Musk Menyalahkan Kalender Tidak Bermanfaat dalam Kerugian OpenAI

5

Juri AS melemparkan wastafel dapur ke arah Elon Musk. Lalu benda itu mengusirnya keluar. Putusannya? Dia menunggu terlalu lama untuk menuntut. Batas waktu menurut undang-undang telah habis, dan itu sudah cukup. Sembilan orang duduk selama tiga minggu, berunding kurang dari satu jam empat puluh menit, dan memutuskan bahwa Musk melewatkan jendelanya.

Klaim intinya adalah pengkhianatan. Musk berpendapat bahwa kepemimpinan OpenAI berjanji untuk menjaga perusahaan tetap nirlaba, berdedikasi untuk membantu umat manusia. Mereka mengingkari janji itu. Mereka beralih ke mencari keuntungan. Valuasinya meroket hingga hampir $1 triliun. Sekarang OpenAI mengincar IPO besar-besaran. Musk ingin hal itu dibalik.
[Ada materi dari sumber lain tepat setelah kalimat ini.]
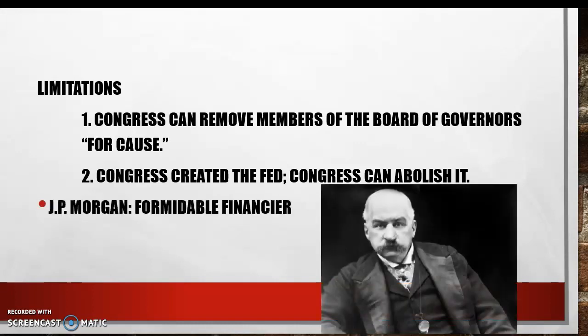J.P. Morgan was a formidable financier. You may remember learning about him as one of the robber barons of the late 1800s and early 1900s. Worth noting is that he provided financial advice and backing for the government. Turn your books to page 211 and read the box entitled 'J.P. Morgan, Formidable Financier.' Once you've finished reading that box, please unpause the video and we'll continue.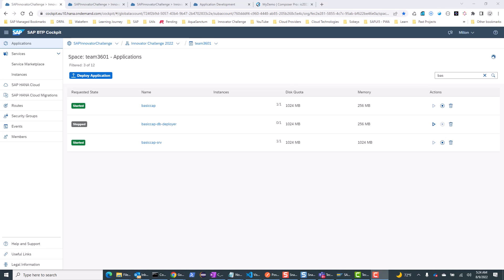Hello everyone. This video is part of the intermediate and advanced concepts of SAP CAP model — a series of videos I'll be making. If you're new to SAP CAP model, please go through some of my previous beginner videos or other online resources, including the CAP documentation.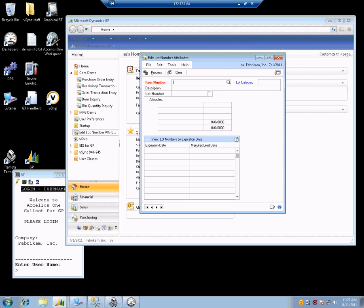Hello, we are going to take a quick look at the Edit Lot Attributes Utility. This utility automates GP's Edit Lot Number Attributes window, as you can see on the screen. Either method provides the opportunity to update a lot's expiration date, manufactured date, and lot attribute values.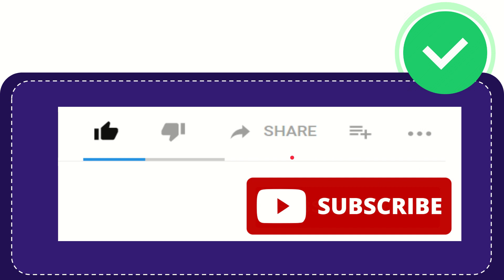Thank you so much for watching this video and see you again in another video. Bye-bye. See you again.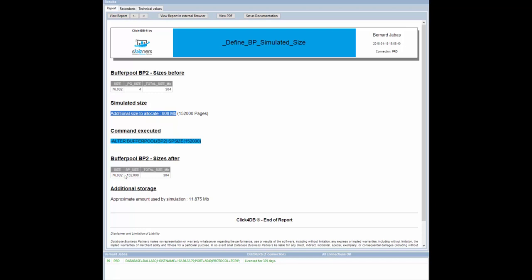The report shows the situation before and after the alter. It also indicates the amount of storage required for the simulation.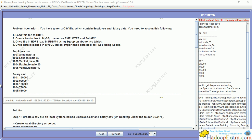Hello and welcome to Hadoop exam learning resources. In this session we will be discussing regarding our first problem scenario of the HDPCD certification. This is for Hortonworks certification, no Java certification. In this you will be asked Sqoop, Flume, Hive and Pig related questions.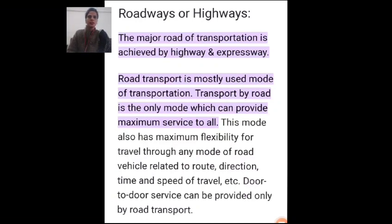Hello everyone, myself Ritu Koshik from the civil engineering department at RPIT campus, Karnal. Welcome back to our YouTube channel, RPIT Academy. If you like the content in this video, please subscribe to the channel. Today our topic is related to transportation, roadways, or highway.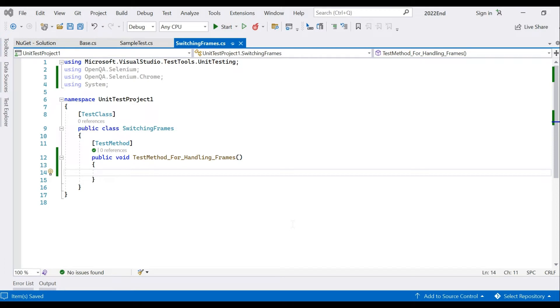A frame, or an iframe, or an inline frame, is what enables embedding of a web page into another web page.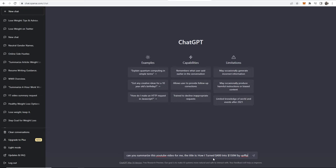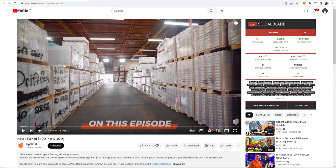The title is how I turned $400 into $150 million by upflip. And what I've done there is I've simply copied the title and the channel name.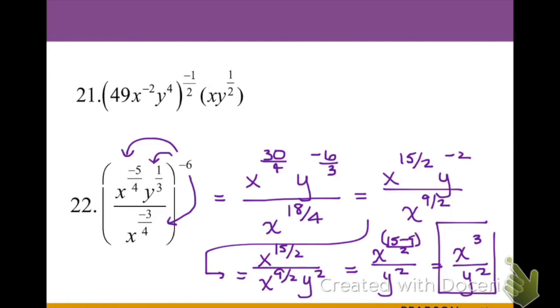This concludes our lesson on rational exponents and radicals. Please feel free to go back and review any of these examples if you need to. Thank you.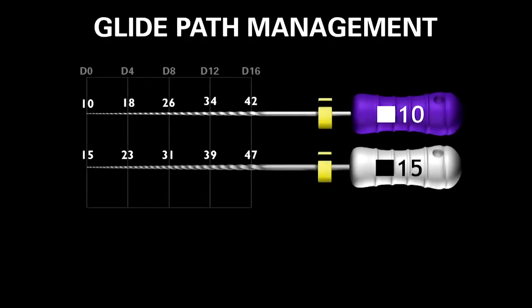The instruments traditionally used for glide path management have been the ISO 10 and 15 hand files. Notice these are fixed-tapered files made of stainless steel. The 15 file is 50% bigger at its working tip than the 10 file. When you factor in that they're stainless steel with a fixed taper and a large percentage change between files, the 15 file led to many iatrogenic problems internationally: blocks, ledges, transportations, and regrettable outcomes.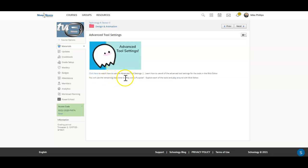Again, I want you to continue today to play with a purpose, exploring each of those tools and playing around with the WIC editor.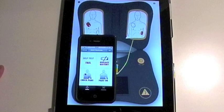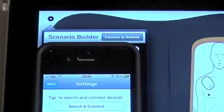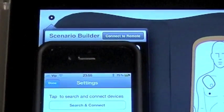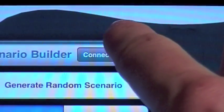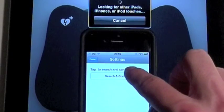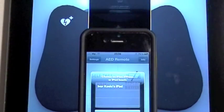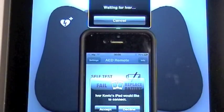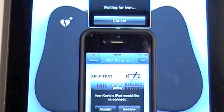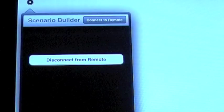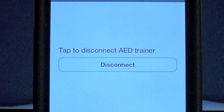After starting both the AAD Trainer app on the iPad and the AAD Remote app on the iPhone, you need to tap on the Settings button and then choose Connect to Remote. Devices will automatically search for each other and once you select them from the list, you just tap on Accept. The only thing you will see now in the Settings menu is the Disconnect button, since all the controls have now been moved to the iPhone remote control.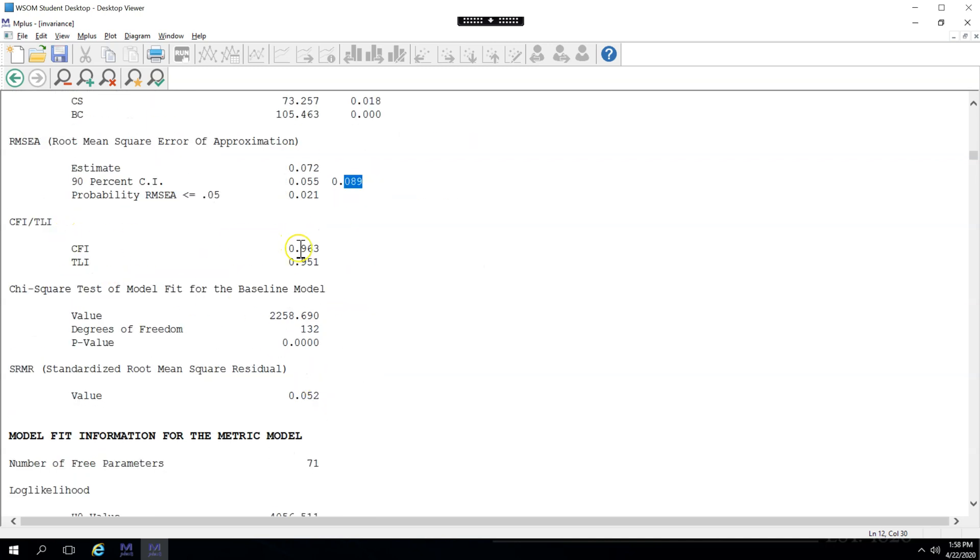The CFI is now above 0.95 and the SRMR is below 0.08. So we're good. We have configural invariance.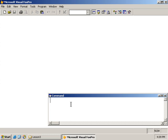Hi, and welcome back to LearnVisualFoxPro.com. In this lesson, we're going to take a look at user-defined functions and procedures. So, let's get started.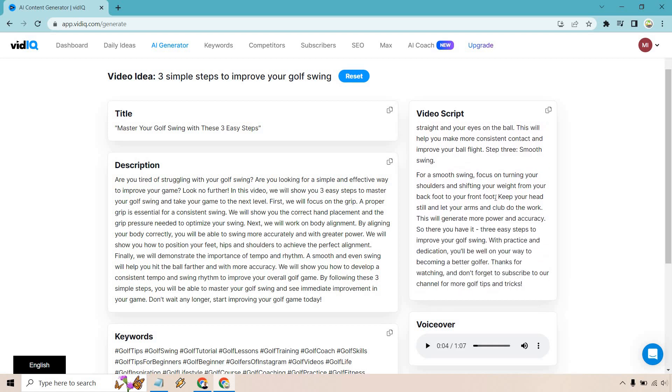smooth swing. For a smooth swing, focus on turning your shoulders and shifting your weight from your back foot to your front foot. Keep your head still and let your arms and club do the work. This will generate more power and accuracy.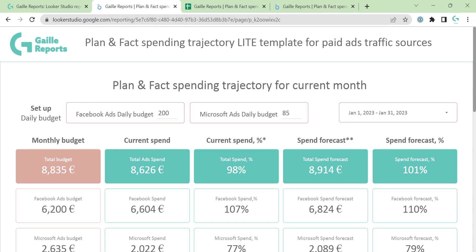Hi, my name is Gala. I am a Looker Studio expert and today we will talk about one of my templates. It is the Plan and Fact Spending Trajectory Light Template. I have a full dashboard with more complex charts and a more powerful one, and this is a super easy light template. It's short and easy to use.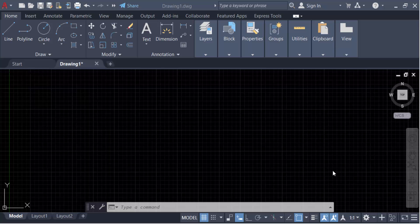Hello everyone, assalamualaikum. In this tutorial today, I present you how to split line at intersection points in AutoCAD.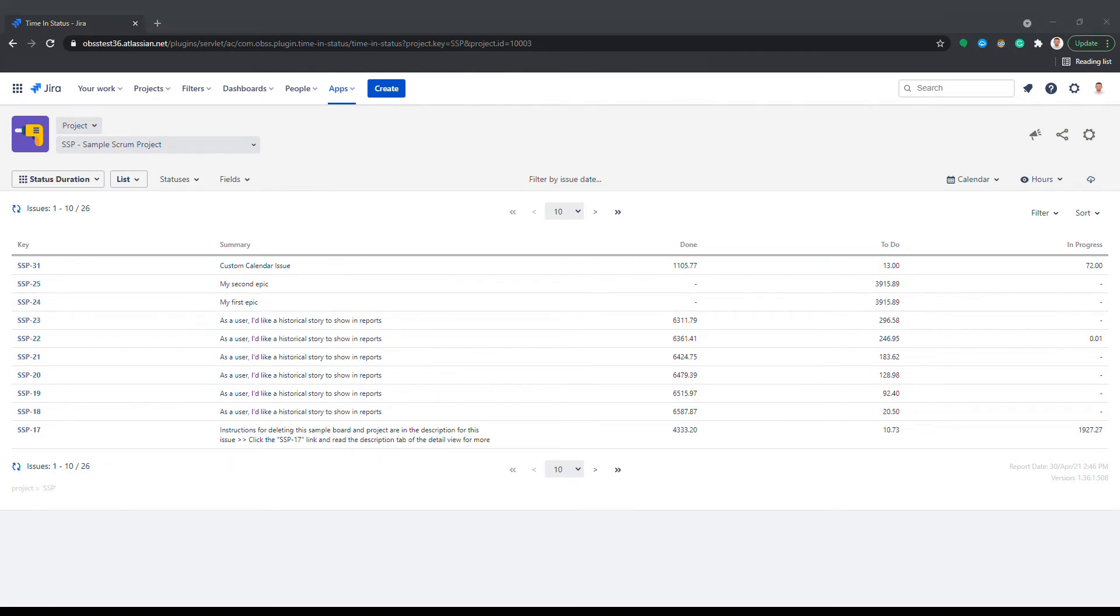First things first, in order to get a time and status report, you first select the issues to be included in the report. You have several options here.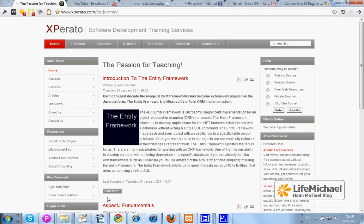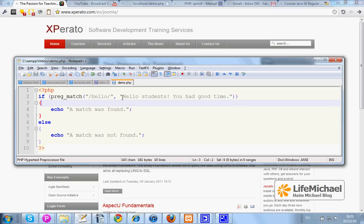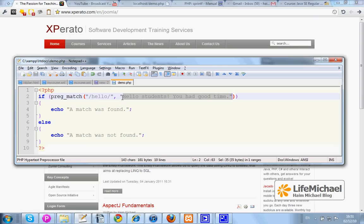The simplest possible use of the preg_match function involves passing two strings. The first is the regular expression that represents the strings we are looking for, and the second is the string where we are looking for sub-strings that match the regular expression. Here in this code sample there is no match, and therefore the output will be 'a match was not found.'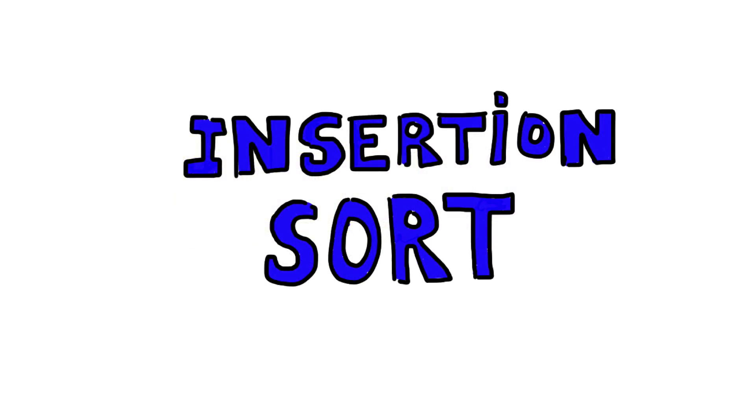Hey, this is Matt. Welcome to the Whiteboard. In this video we will explore insertion sort, an algorithm so simple you already know it.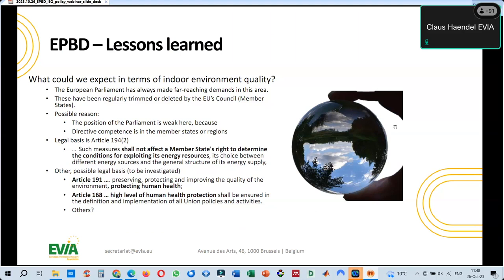For my understanding — I am not a lawyer — but the reason is clearly stated: the Parliament's position here is weak because the directive competence lies with member states or regions. The legal base for the EPBD is energy — Article 194 of the Lisbon Treaty, which is the legal base for the EPBD — also clearly states that it shall not affect member states' right to determine the conditions for exploiting energy resources. Nothing is written about health and environmental quality aspects. So at the next revision, we should check whether there may be a need for a dual legal base including Article 191, which provides protection on human health.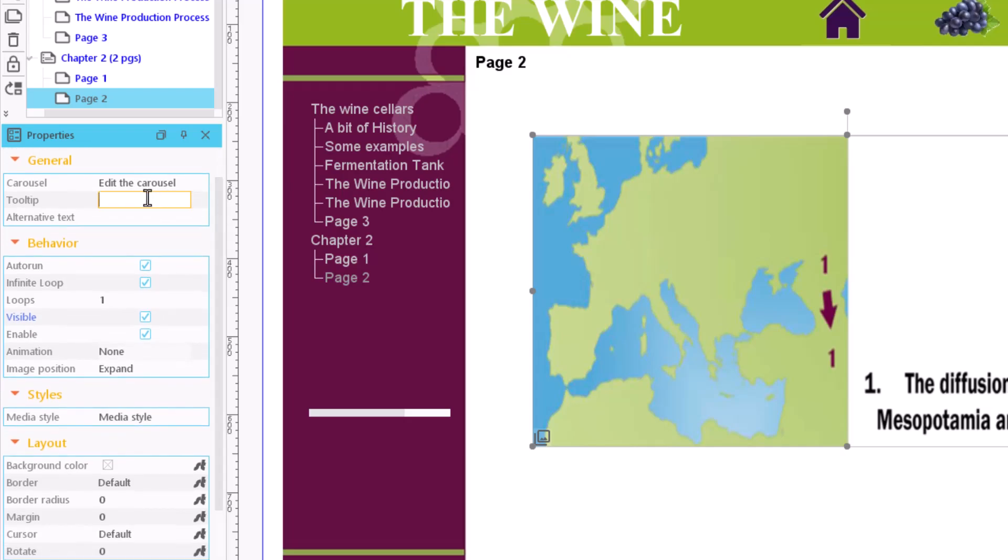As we have already seen with images, the tooltip field allows us to write a short explanatory text that appears when you hover over the image. In alternative text, we can enter text to be displayed in browsers with disabled images.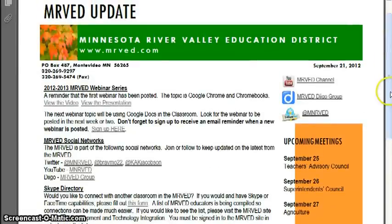And that'll do it for the MERVAT update, this 21st day of September of 2012. Thanks for watching.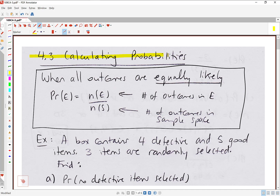In this video, we're going to work on calculating probabilities. When all outcomes in the experiment are equally likely, the probability of an event E is going to be N of E over N of S, where N of E represents the number of outcomes in the event E, and N of S represents the number of outcomes in the sample space, or the total number of outcomes in the experiment. This is the main formula we're going to be using in this video.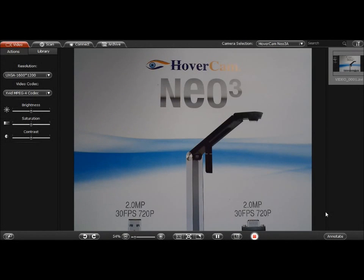Hi, this is John from the HoverCam, and today I'm going to talk about how to use the buttons on the Neo3 document camera.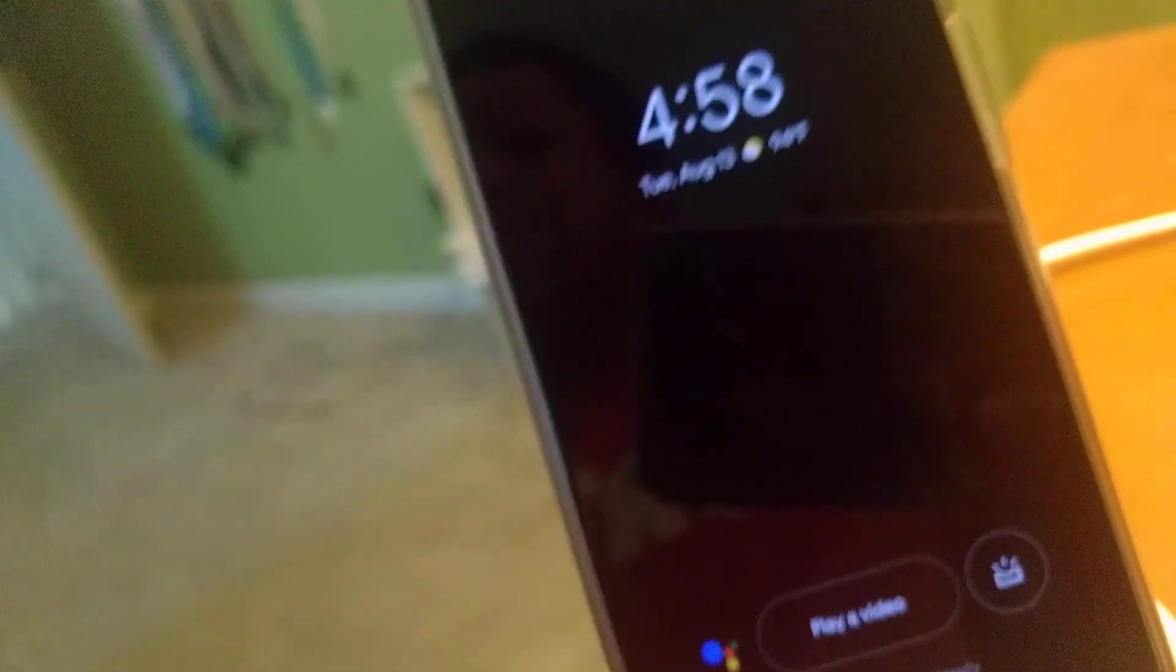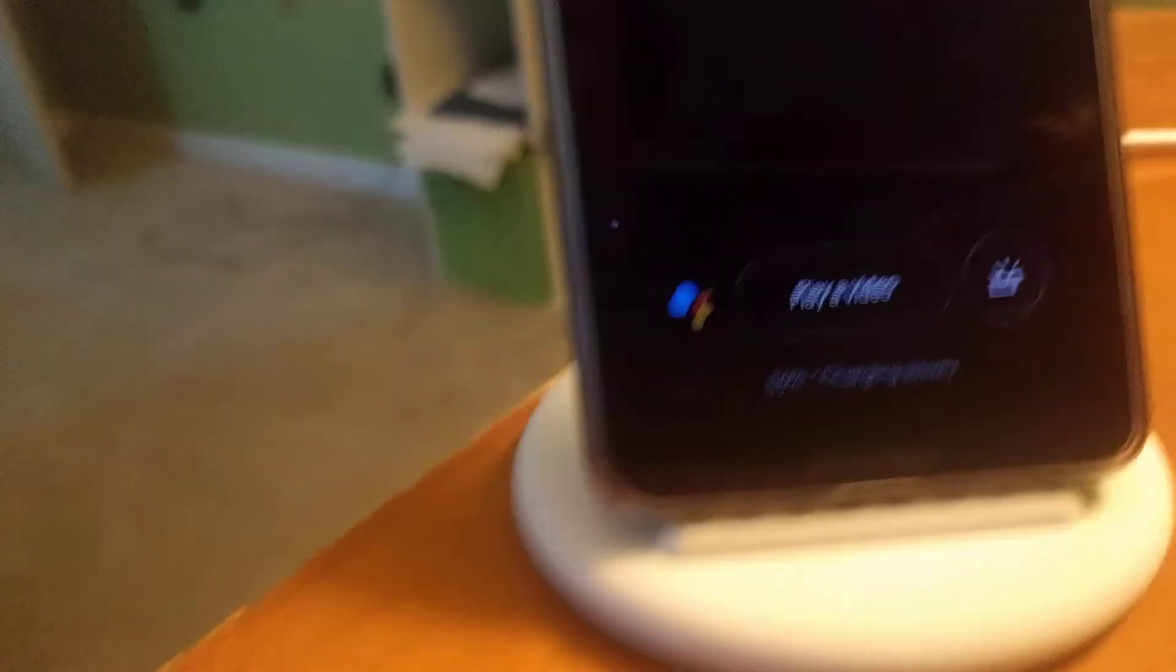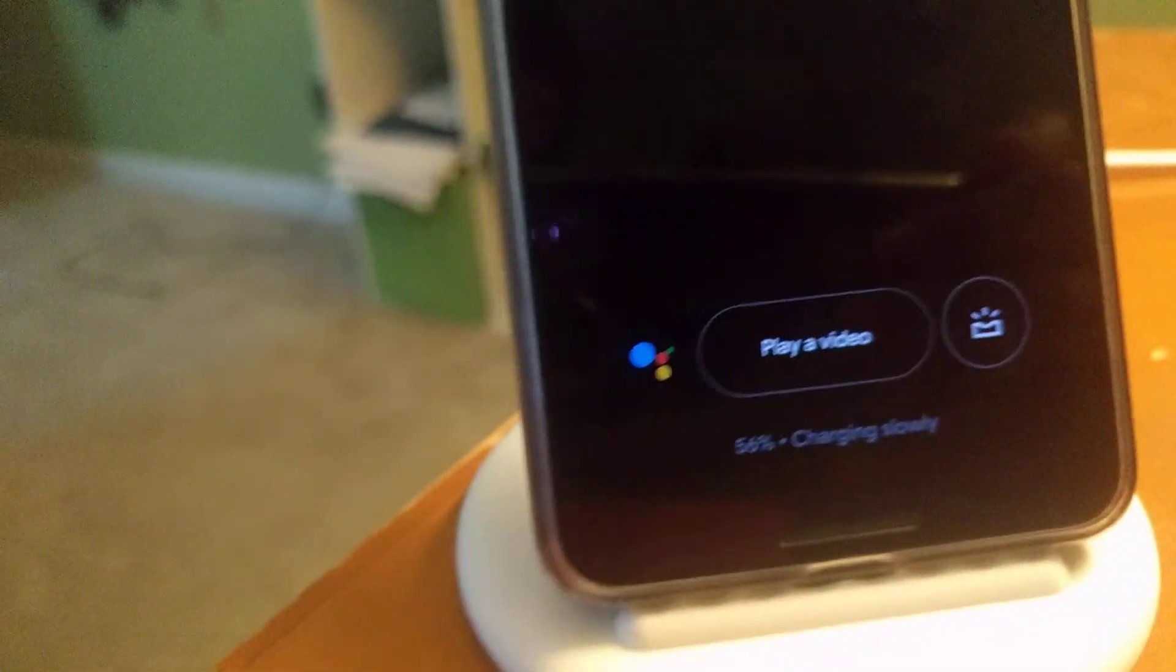But we bought this Pixel Stand for the fast charging capabilities. But right now, it's charging at 5 watts, but you want it to charge at 10 or 18 watts.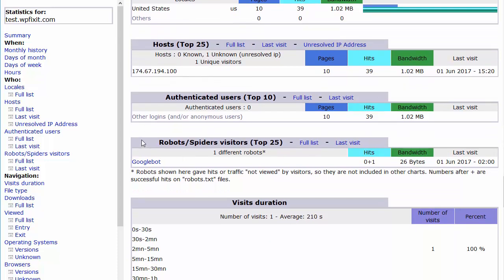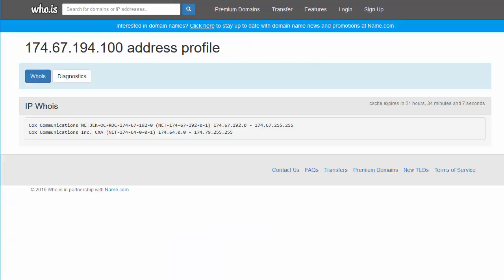The next area you want to look at is the robots, or the internet bots, that are actually hitting your site. If you have some bad bots coming at your site and delivering traffic, this could really spike the resources on the server. So we want to make sure that the traffic we're getting from internet bots are legitimate bots.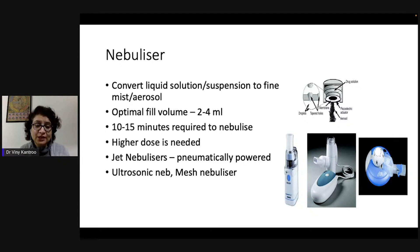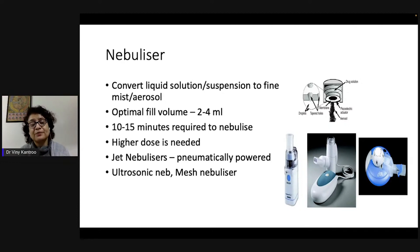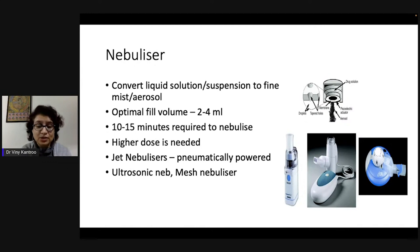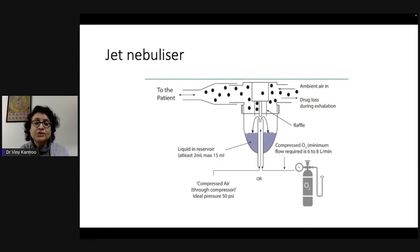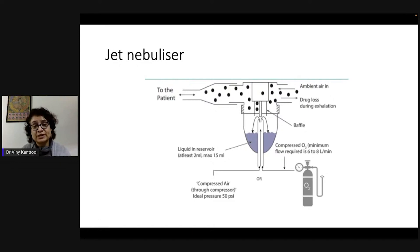Jet nebulizers are pneumatically powered and represent the conventional larger nebulizer. Ultrasonic and mesh nebulizers use a piezoelectric membrane or region to convert liquid into aerosolized form. Various handheld nebulizers are also available today. This pictorial graphic shows how liquid is converted into aerosol in a jet nebulizer, which makes a lot of noise when connected to electricity.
Hakim Yvonne Gonzalez Rogers sependapat dengan juri. Kasus ini dibatalkan.

“Tidak ada pertanyaan… Altman & Brockman… mencuri dari badan amal. Satu-satunya pertanyaan… adalah KAPAN.”

Musk menyebut kerugian itu sebagai masalah teknis pada X. Dia menegaskan pengadilan mengabaikan substansinya. Dia mengajukan banding. Pengacaranya, Steven Molo, juga tidak bergeming. Dia membandingkan kemunduran hukum ini dengan Pengepungan Charleston atau Pertempuran Bukit Bunker. Amerika kalah dalam pertempuran itu. Mereka tetap memenangkan perang. Apakah ini pertempuran atau perang? Mungkin hanya kebisingan.

Perebutan Kontrol

Altman dan timnya membantah melanggar sumpah apa pun. Pendirian mereka lebih sederhana. Tidak ada yang pernah berjanji bahwa OpenAI akan tetap menjadi organisasi nirlaba selamanya. Musk mengetahui hal ini. Dia mengajukan gugatan karena tidak bisa mengendalikan perusahaan lagi. Saat OpenAI berkembang, cengkeramannya melemah. Proyeknya sendiri, xAI, diluncurkan pada tahun 2023. Hal ini memerlukan OpenAI untuk memperlambatnya. Gugatan itu hanya sebuah renungan. Upaya untuk menyabotase lawan. Itulah narasi pembelaannya.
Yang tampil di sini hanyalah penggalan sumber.